Problem details: Read the listing and extract each line that includes the word "floral".

——

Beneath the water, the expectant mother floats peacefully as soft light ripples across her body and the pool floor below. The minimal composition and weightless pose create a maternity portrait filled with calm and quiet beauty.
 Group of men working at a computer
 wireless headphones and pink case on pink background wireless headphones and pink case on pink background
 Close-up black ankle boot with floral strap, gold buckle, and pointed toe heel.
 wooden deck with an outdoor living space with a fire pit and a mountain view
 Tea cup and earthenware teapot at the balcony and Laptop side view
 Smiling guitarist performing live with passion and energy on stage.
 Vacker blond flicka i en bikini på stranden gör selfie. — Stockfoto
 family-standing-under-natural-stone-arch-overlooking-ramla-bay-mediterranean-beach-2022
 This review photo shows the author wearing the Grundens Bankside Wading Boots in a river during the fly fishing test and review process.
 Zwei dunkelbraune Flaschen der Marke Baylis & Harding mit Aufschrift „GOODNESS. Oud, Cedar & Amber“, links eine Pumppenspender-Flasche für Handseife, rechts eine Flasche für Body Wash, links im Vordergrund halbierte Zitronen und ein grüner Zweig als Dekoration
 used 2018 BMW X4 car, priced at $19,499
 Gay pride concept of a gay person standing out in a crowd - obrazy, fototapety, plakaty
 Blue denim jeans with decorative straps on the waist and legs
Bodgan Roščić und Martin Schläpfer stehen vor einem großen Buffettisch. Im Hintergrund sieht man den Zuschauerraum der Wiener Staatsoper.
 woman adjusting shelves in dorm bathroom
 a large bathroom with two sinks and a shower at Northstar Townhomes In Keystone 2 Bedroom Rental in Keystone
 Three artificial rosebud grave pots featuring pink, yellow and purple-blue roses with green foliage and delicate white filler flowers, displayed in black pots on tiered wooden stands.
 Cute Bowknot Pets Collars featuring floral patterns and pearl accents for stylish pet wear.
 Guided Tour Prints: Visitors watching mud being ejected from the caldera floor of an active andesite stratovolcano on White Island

——

Answer area:
 Close-up black ankle boot with floral strap, gold buckle, and pointed toe heel.
 Cute Bowknot Pets Collars featuring floral patterns and pearl accents for stylish pet wear.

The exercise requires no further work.